In a video message, Gov. John Hickenlooper said Kefalas’ “commitment to keeping government open and accountable is, in my opinion, unmatched.”

“In the end,” the senator told the CFOIC gathering,” these public records belong to the people and we are the stewards of those records. With some logical exceptions, we need to make that information available so that we can be held accountable, so that we can have the most open and transparent government. Ultimately, this is good for our representative form of democracy.”

About 130 people attended the awards luncheon, which followed a series of morning workshops for journalists and the public on the open government laws and court access.

Anna, who served as CFOIC’s treasurer for many years, received the inaugural Ruth Anna Citizen Champion Award. Presenting the award to her, CFOIC board member Fred Brown said Anna “constantly reminded us of our need to be diverse in our activities and, if possible, in our thinking.
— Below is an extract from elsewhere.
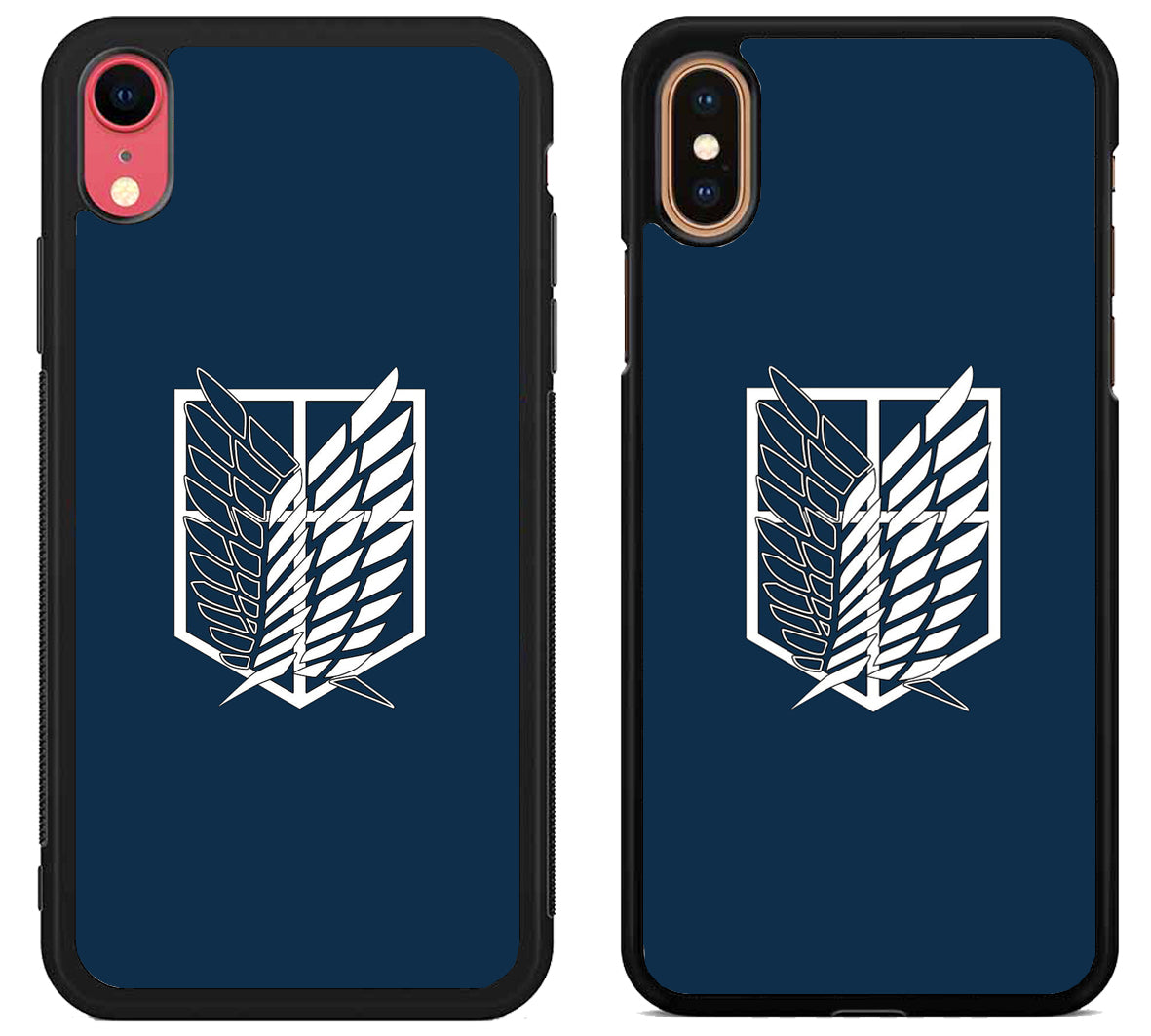 Attack on Titan Logo iPhone X | Xs | Xr | Xs Max Case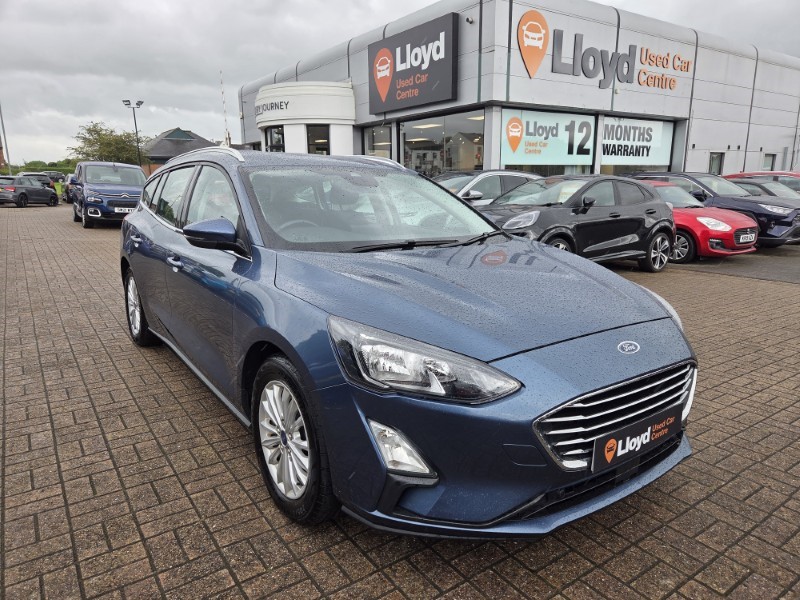 2019 (19) FORD FOCUS 1.0 EcoBoost 125 Titanium 5dr Auto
Diverse in race, in gender and in political belief.”

CFOIC board member Fred Brown (left) and Ruth Anna. (Photo by Caroline Fry)
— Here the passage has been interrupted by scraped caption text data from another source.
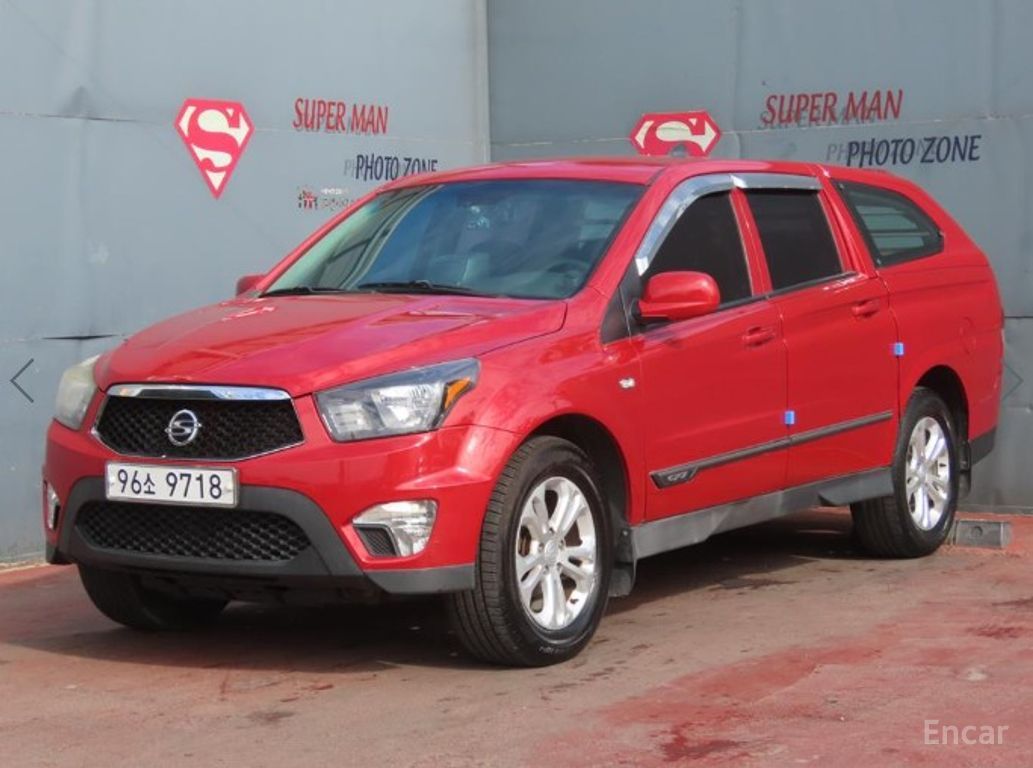 KG Mobility Korando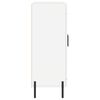 vidaXL sk&aelig;nk 69,5x34x90 cm konstrueret tr&aelig; hvid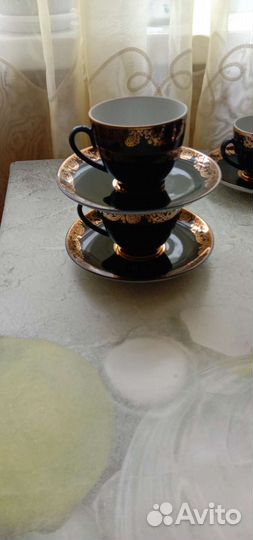 Чайно- кофейный сервиз лфз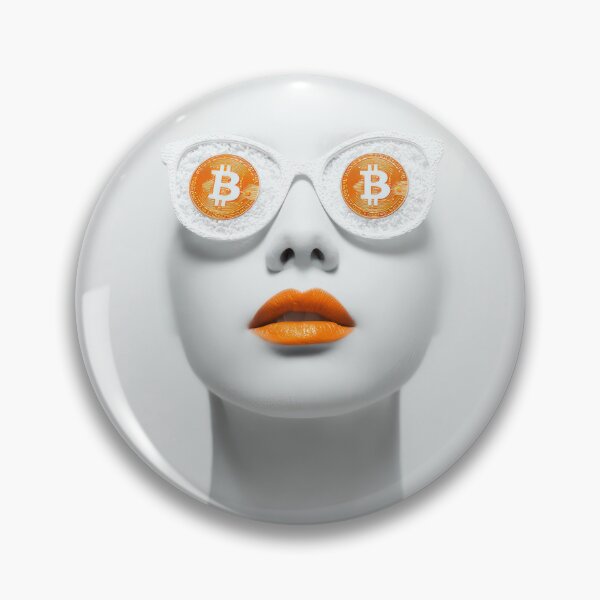 Artikelvorschau, Bitcoin Face entworfen und verkauft von AImazeD.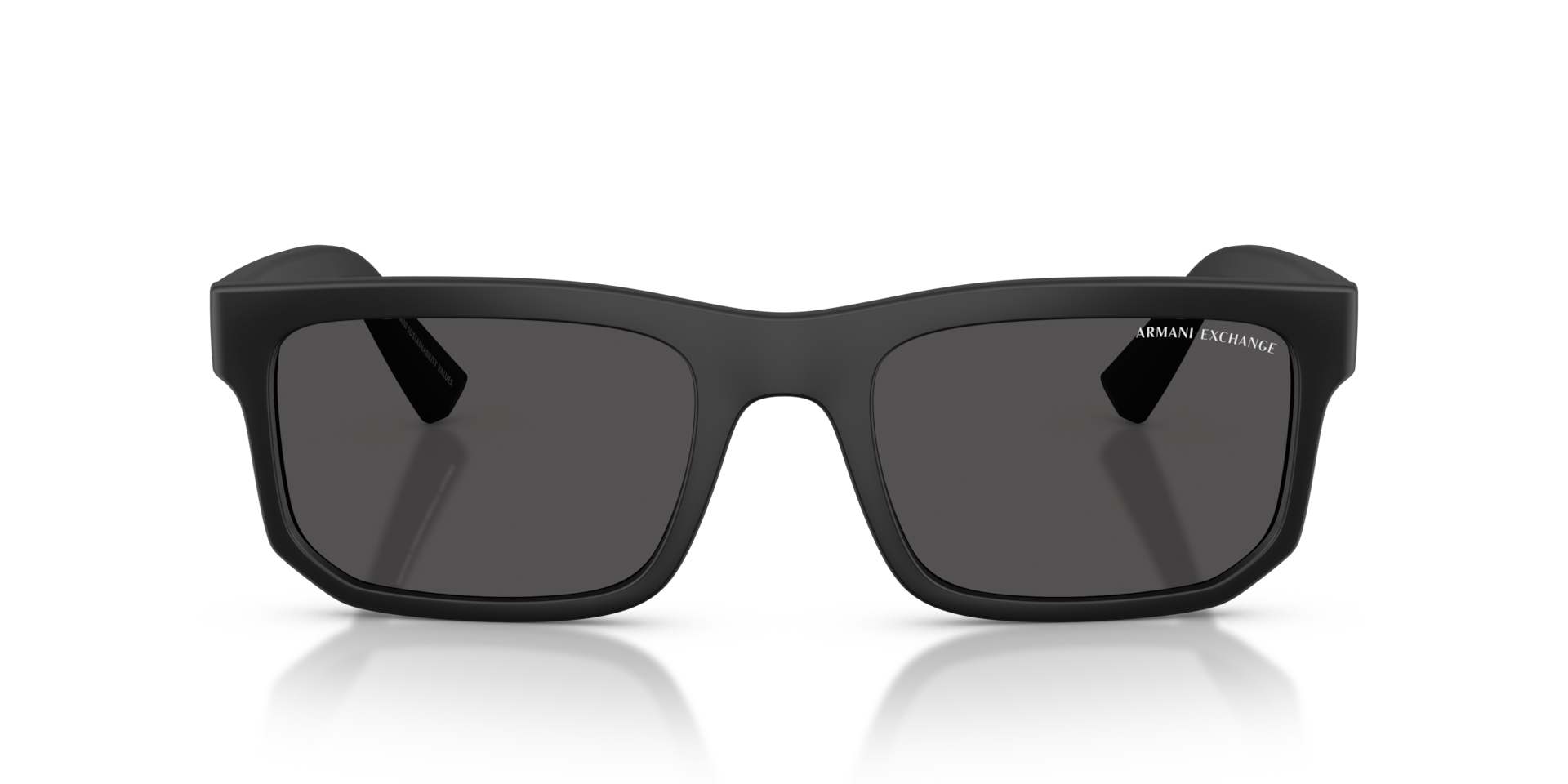 Armani Exchange AX4165S Matte Black, Size: L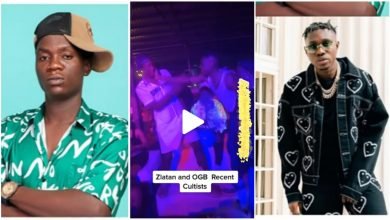 “Cult!st jam verified cult!st” – Reactions as Zlatan Ibile 'slaps' OGB Recent inside club (WATCH)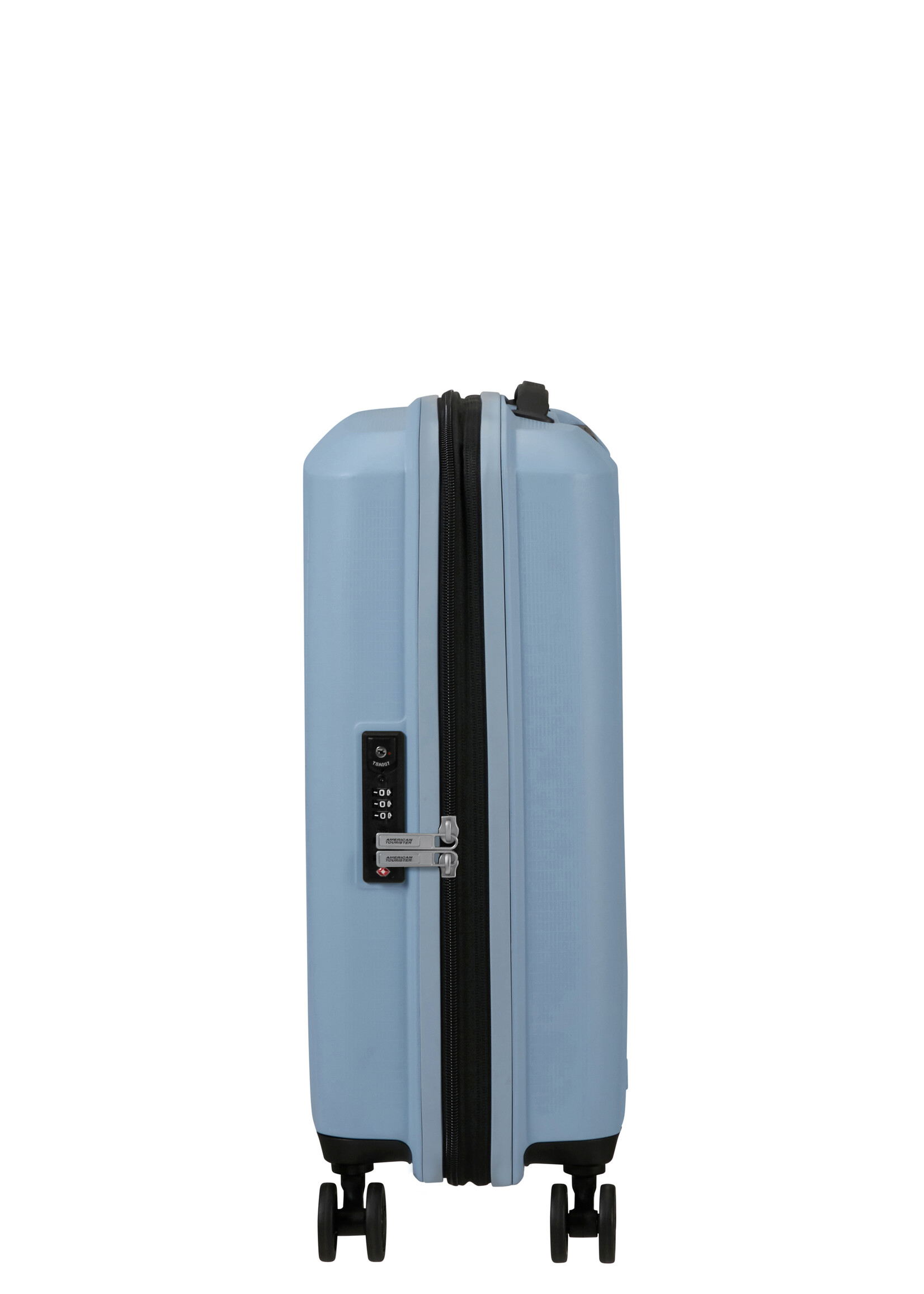 AMERICAN TOURISTER AEROSTEP SPINNER 55 EXP SOHO GREY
Anna, whose involvement in CFOIC dates to 1988, ran a public relations business for nearly 40 years and served as president of Colorado Press Women and the National Federation of Press Women, also representing that organization on the National First Amendment Congress.

She said her passion for free speech and the First Amendment began as a child, recalling that her father insisted the school library carry copies of Soviet Life magazine because “we need to know about the people in other countries that we tend not to know about and fear.”

Anna said she worries about some young people “who say I believe in free speech unless I disagree with it or it makes me uncomfortable … Are they going to value open meetings and open records? Are they going to value what makes this country work and what makes it great?”